Records from a data source
•••••

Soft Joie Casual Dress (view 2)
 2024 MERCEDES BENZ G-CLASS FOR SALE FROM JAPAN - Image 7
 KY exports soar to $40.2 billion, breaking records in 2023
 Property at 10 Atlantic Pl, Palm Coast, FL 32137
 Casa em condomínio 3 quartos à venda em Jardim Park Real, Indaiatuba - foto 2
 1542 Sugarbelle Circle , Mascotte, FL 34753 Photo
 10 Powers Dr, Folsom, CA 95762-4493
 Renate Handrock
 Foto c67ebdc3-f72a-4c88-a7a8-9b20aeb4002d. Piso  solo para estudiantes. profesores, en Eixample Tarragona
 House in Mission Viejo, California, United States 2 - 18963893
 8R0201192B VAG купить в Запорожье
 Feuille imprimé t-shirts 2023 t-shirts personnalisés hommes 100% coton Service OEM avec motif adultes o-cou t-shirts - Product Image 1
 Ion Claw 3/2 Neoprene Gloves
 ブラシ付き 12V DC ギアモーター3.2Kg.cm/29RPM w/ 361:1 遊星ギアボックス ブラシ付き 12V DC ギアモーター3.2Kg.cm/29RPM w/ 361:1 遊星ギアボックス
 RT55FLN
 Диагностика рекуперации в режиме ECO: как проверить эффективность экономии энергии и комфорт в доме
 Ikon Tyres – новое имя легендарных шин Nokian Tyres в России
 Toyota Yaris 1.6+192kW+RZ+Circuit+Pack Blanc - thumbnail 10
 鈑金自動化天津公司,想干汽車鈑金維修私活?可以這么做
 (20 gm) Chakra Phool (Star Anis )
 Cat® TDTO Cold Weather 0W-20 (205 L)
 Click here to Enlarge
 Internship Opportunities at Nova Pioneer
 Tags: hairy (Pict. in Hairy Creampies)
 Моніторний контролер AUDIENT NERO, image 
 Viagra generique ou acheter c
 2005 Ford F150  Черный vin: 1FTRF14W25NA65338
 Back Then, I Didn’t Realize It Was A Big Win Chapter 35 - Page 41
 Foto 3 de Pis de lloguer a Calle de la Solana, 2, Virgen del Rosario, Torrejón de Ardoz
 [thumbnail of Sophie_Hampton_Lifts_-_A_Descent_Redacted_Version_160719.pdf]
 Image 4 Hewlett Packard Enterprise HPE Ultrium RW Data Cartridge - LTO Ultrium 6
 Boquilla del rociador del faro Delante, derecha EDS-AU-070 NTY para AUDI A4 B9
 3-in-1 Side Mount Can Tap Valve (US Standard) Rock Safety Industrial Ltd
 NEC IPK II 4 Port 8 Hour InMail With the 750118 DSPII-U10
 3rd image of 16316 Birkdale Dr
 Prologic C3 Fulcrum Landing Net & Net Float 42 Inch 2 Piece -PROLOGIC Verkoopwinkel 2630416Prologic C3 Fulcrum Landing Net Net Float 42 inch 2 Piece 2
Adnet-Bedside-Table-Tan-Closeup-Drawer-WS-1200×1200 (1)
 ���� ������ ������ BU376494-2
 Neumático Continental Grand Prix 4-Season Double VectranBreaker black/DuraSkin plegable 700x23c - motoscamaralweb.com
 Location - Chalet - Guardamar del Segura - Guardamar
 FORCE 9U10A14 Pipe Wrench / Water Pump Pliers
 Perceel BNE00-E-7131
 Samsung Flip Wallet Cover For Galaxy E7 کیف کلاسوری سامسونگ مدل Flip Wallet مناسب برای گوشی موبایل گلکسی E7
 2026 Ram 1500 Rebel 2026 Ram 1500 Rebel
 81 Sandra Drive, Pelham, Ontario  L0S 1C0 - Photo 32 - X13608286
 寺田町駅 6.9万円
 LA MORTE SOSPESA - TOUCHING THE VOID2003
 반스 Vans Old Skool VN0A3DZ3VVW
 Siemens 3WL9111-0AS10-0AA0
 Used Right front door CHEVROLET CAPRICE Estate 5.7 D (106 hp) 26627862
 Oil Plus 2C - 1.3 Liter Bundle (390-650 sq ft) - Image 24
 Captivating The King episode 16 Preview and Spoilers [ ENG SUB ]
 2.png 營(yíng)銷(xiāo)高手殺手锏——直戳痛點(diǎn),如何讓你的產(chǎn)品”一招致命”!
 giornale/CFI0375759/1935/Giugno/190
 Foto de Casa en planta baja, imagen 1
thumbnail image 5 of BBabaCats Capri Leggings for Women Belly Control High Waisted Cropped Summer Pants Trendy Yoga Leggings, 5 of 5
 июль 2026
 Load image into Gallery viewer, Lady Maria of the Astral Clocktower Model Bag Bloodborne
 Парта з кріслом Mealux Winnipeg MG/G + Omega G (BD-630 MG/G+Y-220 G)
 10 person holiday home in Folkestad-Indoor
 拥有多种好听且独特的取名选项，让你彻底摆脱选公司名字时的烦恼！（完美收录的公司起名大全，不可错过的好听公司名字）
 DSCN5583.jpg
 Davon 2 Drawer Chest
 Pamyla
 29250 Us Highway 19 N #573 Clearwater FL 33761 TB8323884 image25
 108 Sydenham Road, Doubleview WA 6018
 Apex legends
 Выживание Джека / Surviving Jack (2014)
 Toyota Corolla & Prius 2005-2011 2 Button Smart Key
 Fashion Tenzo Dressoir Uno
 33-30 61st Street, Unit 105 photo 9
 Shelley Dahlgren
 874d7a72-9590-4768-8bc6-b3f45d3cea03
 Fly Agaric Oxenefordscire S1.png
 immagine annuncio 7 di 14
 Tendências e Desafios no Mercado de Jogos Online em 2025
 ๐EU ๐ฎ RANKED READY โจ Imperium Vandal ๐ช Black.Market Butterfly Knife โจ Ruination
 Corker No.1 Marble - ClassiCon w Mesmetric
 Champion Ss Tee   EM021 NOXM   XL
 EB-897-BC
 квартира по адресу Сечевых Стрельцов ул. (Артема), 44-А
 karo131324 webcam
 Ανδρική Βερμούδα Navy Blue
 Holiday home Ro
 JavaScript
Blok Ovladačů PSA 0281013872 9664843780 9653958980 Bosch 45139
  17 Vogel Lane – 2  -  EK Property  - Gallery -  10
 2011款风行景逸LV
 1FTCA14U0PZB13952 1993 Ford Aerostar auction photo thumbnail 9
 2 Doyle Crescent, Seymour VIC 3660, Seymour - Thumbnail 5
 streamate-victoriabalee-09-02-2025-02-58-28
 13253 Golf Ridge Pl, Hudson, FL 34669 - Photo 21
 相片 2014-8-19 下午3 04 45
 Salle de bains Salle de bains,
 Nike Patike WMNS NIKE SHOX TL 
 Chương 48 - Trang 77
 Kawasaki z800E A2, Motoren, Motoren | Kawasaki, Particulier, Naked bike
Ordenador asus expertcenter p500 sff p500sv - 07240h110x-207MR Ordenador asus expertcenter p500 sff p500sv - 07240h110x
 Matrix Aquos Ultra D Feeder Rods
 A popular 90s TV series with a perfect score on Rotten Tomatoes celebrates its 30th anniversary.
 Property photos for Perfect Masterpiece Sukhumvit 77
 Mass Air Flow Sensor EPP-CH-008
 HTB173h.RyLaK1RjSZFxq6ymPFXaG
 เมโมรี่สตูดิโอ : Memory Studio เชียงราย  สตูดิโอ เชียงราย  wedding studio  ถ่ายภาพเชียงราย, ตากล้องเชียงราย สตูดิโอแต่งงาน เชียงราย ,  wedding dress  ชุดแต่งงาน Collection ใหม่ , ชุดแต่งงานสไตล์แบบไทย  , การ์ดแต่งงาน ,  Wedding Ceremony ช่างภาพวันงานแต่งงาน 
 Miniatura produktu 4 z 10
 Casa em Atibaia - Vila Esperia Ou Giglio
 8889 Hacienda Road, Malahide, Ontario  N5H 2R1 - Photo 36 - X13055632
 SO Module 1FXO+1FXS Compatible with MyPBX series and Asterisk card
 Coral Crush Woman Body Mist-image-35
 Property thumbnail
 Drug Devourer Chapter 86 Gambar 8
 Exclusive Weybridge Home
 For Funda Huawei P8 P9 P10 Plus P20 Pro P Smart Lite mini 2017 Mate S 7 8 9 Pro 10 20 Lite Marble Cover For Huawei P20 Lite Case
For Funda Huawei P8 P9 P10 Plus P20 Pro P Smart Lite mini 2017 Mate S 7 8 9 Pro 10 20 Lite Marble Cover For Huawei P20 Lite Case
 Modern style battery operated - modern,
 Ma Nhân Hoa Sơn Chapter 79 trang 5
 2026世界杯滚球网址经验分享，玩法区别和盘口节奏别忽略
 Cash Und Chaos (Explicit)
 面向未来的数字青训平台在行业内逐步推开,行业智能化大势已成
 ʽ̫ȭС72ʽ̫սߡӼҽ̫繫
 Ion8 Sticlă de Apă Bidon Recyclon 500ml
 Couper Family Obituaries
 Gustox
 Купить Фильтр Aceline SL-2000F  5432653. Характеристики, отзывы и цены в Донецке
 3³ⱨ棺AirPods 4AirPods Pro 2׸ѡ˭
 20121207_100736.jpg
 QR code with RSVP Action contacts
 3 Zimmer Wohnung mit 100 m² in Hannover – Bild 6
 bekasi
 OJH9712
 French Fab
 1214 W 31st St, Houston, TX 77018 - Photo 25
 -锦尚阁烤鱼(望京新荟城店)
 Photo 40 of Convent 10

•••••

Which lines in the records above contain the string "Funda"? Copy them.

• [Result of the exercise]:
 For Funda Huawei P8 P9 P10 Plus P20 Pro P Smart Lite mini 2017 Mate S 7 8 9 Pro 10 20 Lite Marble Cover For Huawei P20 Lite Case
For Funda Huawei P8 P9 P10 Plus P20 Pro P Smart Lite mini 2017 Mate S 7 8 9 Pro 10 20 Lite Marble Cover For Huawei P20 Lite Case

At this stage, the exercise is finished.